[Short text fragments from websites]
○ ○ ○ ○ ○

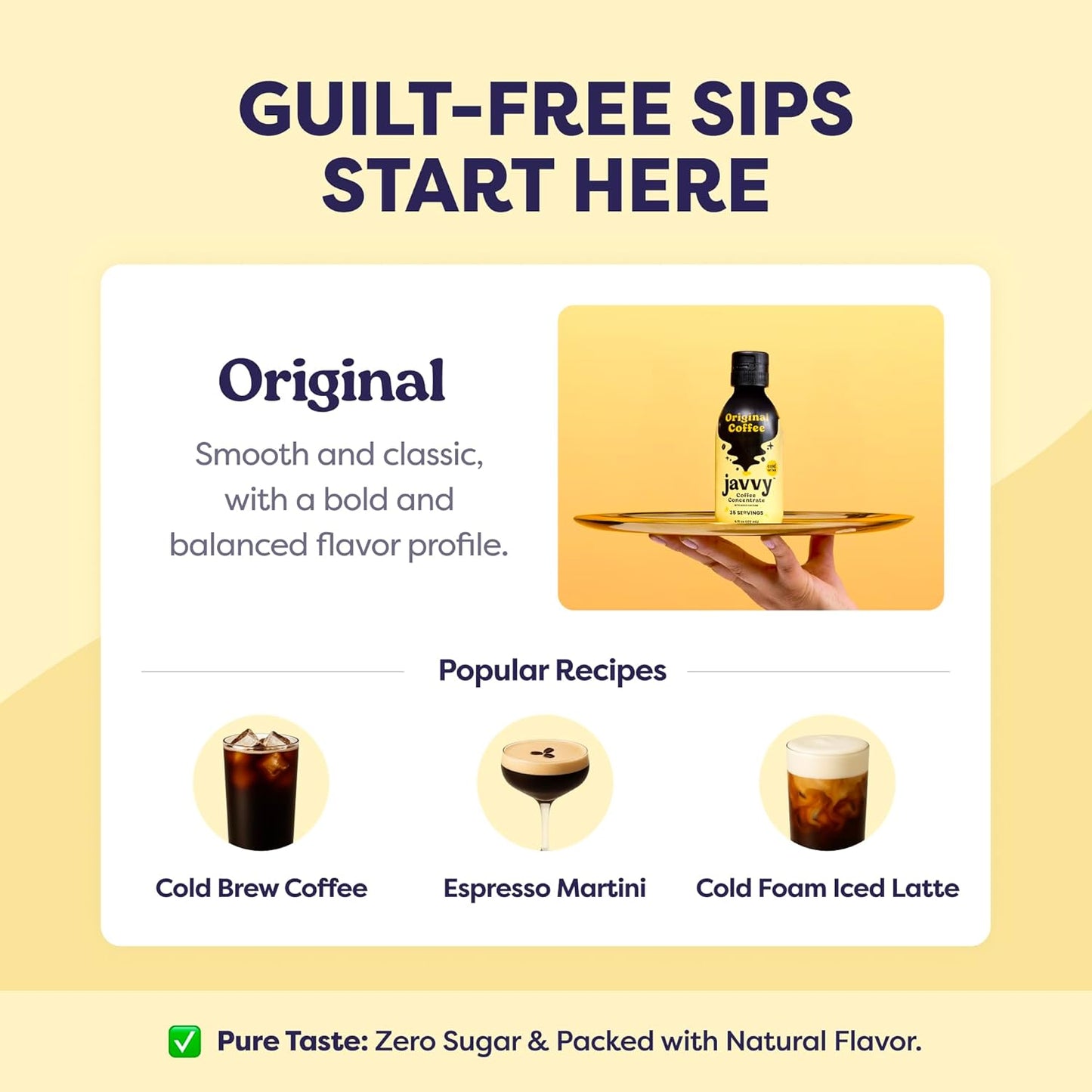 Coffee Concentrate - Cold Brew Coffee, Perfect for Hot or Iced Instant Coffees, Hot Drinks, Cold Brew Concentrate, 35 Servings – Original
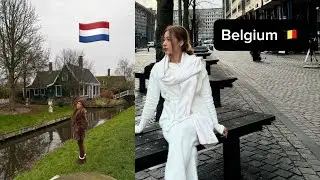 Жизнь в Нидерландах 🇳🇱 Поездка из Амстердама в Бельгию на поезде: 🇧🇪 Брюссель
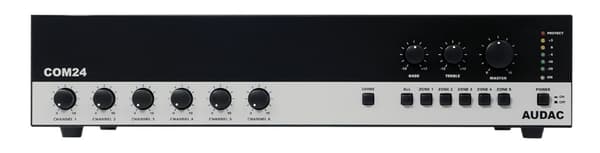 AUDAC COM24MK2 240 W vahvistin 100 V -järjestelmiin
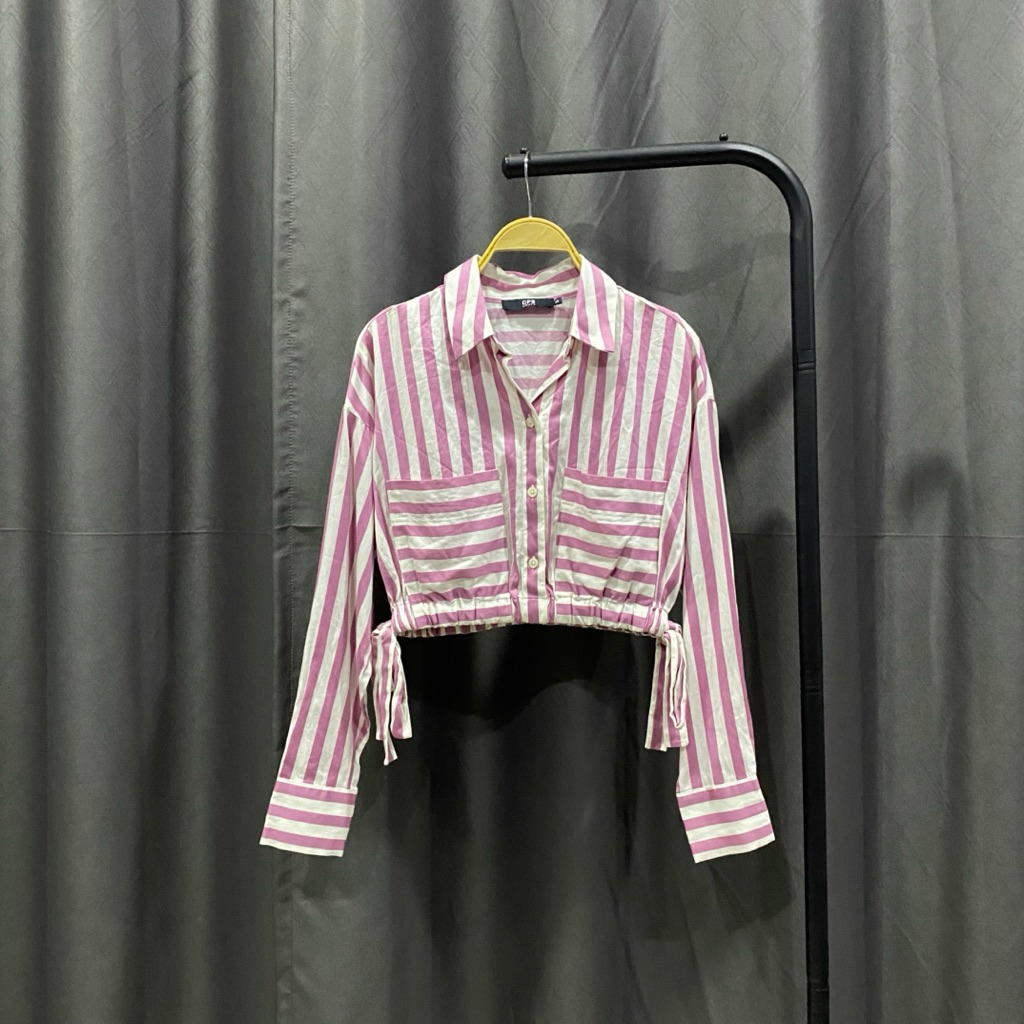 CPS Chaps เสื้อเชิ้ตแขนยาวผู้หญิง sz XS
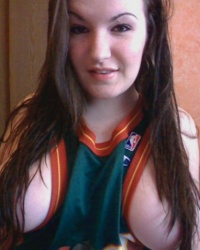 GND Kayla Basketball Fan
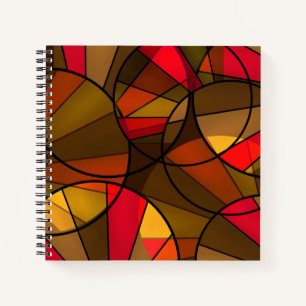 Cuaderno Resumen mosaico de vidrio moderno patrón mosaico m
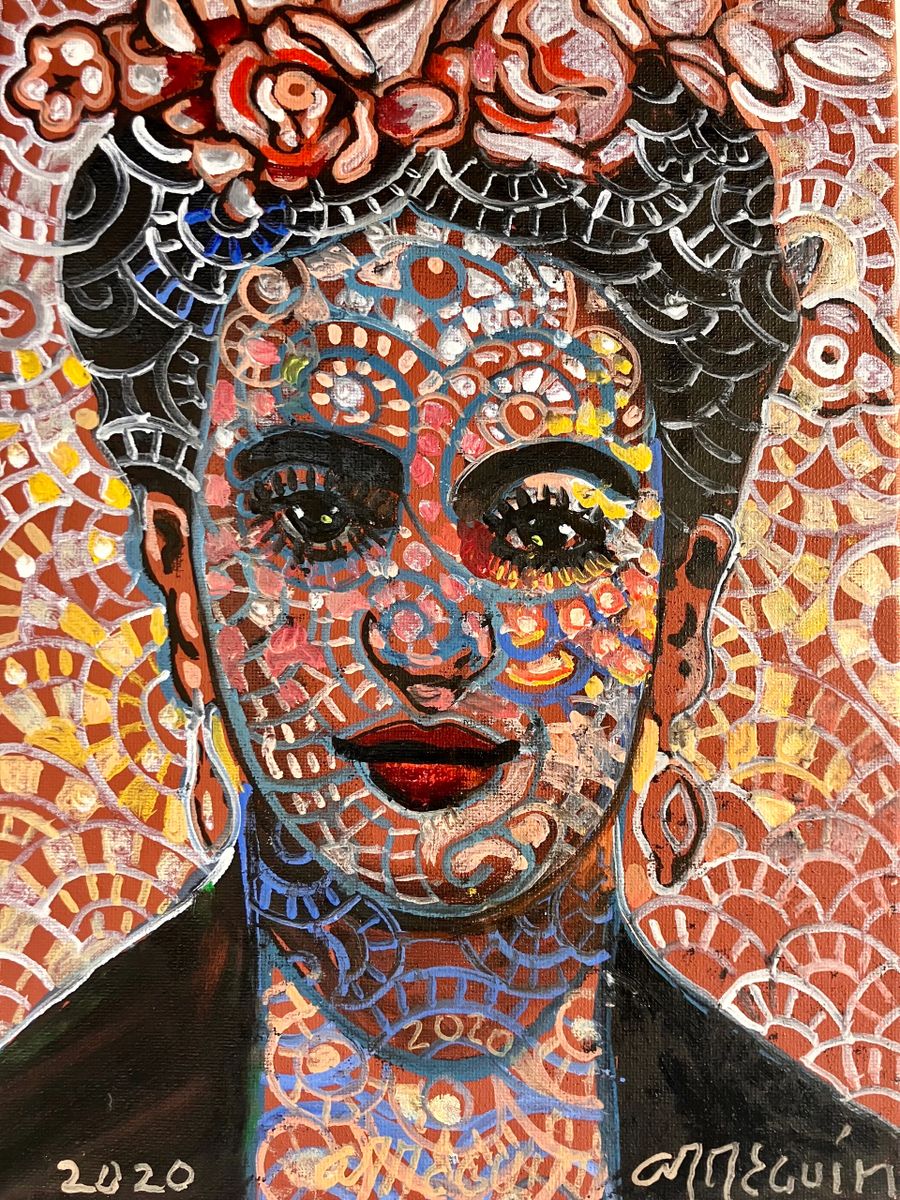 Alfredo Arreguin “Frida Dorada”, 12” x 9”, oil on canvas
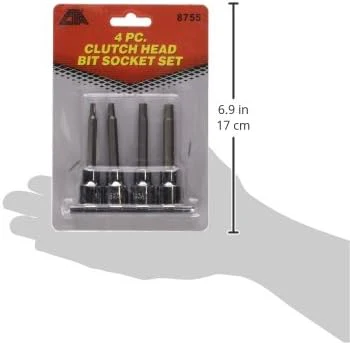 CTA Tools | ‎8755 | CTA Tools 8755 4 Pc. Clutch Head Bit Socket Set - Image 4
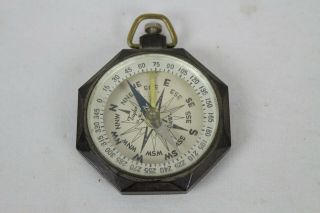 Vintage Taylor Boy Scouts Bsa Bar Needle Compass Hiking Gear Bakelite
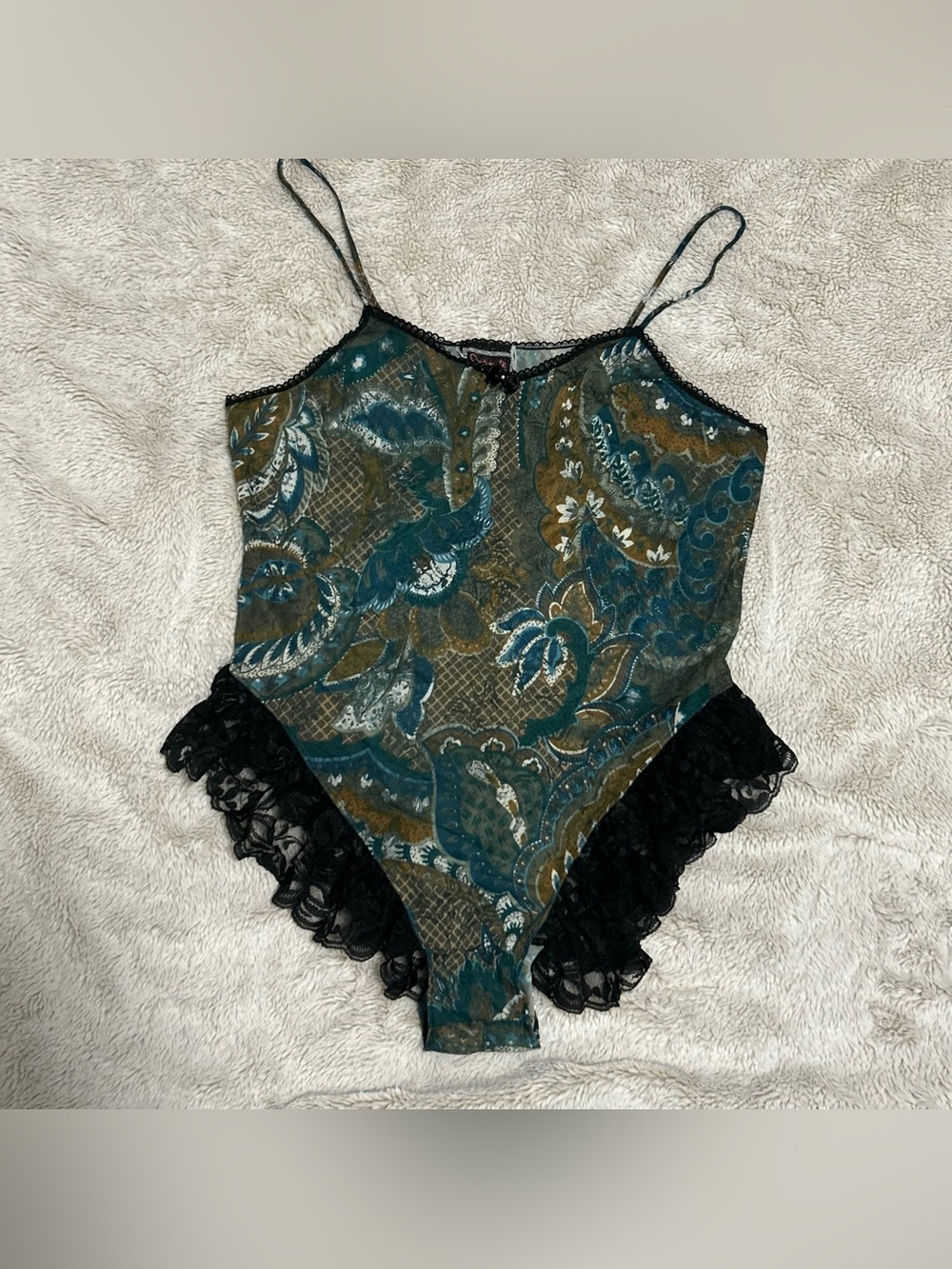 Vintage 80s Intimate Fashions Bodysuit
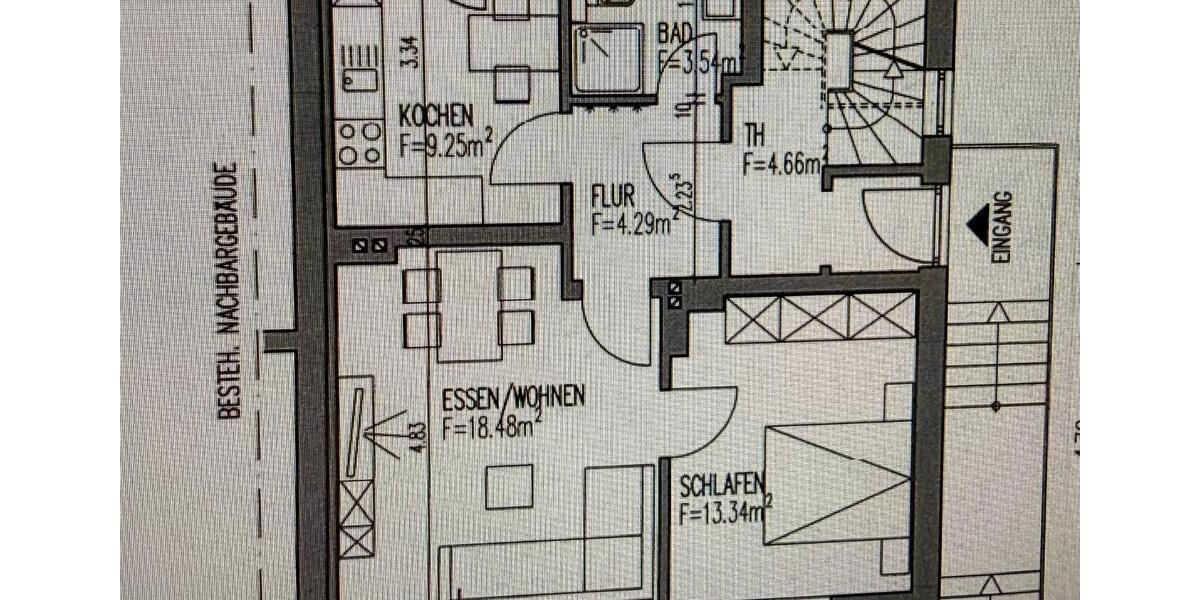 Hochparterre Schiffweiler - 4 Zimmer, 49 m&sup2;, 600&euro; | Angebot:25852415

○ ○ ○ ○ ○

• _Problem details_: Omit the pictures and write out the lines above from the one with "Cuaderno Resumen mosaico" through the last, unchanged.

• _Completed exercise_:
 Cuaderno Resumen mosaico de vidrio moderno patrón mosaico m
 Alfredo Arreguin “Frida Dorada”, 12” x 9”, oil on canvas
 CTA Tools | ‎8755 | CTA Tools 8755 4 Pc. Clutch Head Bit Socket Set - Image 4
 Vintage Taylor Boy Scouts Bsa Bar Needle Compass Hiking Gear Bakelite
 Vintage 80s Intimate Fashions Bodysuit
 Hochparterre Schiffweiler - 4 Zimmer, 49 m&sup2;, 600&euro; | Angebot:25852415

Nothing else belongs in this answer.